Now, as far I see this, the stream will not apply the map until collect is called, so there will be one pass through the collection under the hood. What I can't see is why those common use cases for maps, lists such as map.toList(), list.groupBy() would not be added to corresponding interfaces? Is there an underlying design decision I am missing here?

maksimov
  • 5,792
  • 1
  • 30
  • 38
Bober02
  • 15,034
  • 31
  • 92
  • 178

1 Answers1

24

A handful of new methods have been added directly to various collections that perform mutative operations eagerly on those collections. For example, to run a function over each element of a list, replacing the original elements with the return values, use List.replaceAll(UnaryOperator). Other examples of this are Collection.removeIf(Predicate), List.sort(), and Map.replaceAll(BiFunction).
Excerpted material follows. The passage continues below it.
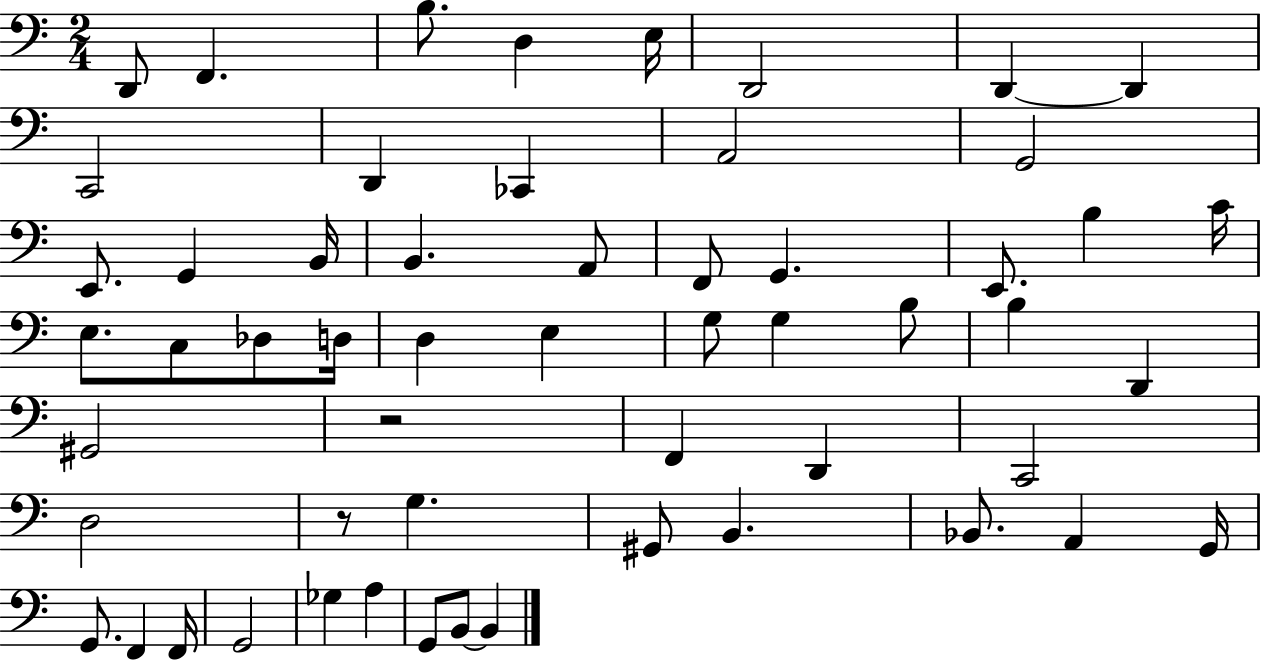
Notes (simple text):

D2/e F2/q. B3/e. D3/q E3/s D2/h D2/q D2/q C2/h D2/q CES2/q A2/h G2/h E2/e. G2/q B2/s B2/q. A2/e F2/e G2/q. E2/e. B3/q C4/s E3/e. C3/e Db3/e D3/s D3/q E3/q G3/e G3/q B3/e B3/q D2/q G#2/h R/h F2/q D2/q C2/h D3/h R/e G3/q. G#2/e B2/q. Bb2/e. A2/q G2/s G2/e. F2/q F2/s G2/h Gb3/q A3/q G2/e B2/e B2/q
By contrast, there are a bunch of new methods added to Stream such as filter, map, skip, limit, sorted, distinct, etc. Most of these are lazy and they do not mutate the source, instead passing elements downstream. We did consider adding these directly to the collections classes. At this point several questions arose. How do we distinguish the eager, mutative operations from the lazy, stream-producting operations? Overloading is difficult, because they'd have different return types, so they'd have to have different names. How would such operations be chained? The eager operations would have to generate collections to store intermediate results, which is potentially quite expensive. The resulting collections API would have a confusing mixture of eager, mutative and lazy, non-mutating methods.

A second order consideration is potential incompatibilities with adding default methods. The biggest risk with adding default methods to an interface is a name clash with an existing method on an implementation of that interface. If a method with the same name and arguments (often no arguments) has a different return type, that's an unavoidable incompatibility. For that reason we've been fairly reluctant to add large numbers of default methods.

For these reasons, we decided to keep the lazy, non-mutating methods all within the stream API, at the expense of requiring extra method calls stream() and collect() to bridge between collections and streams. For a few common cases we added eager, mutating calls directly to the collections interfaces, such as those I listed above.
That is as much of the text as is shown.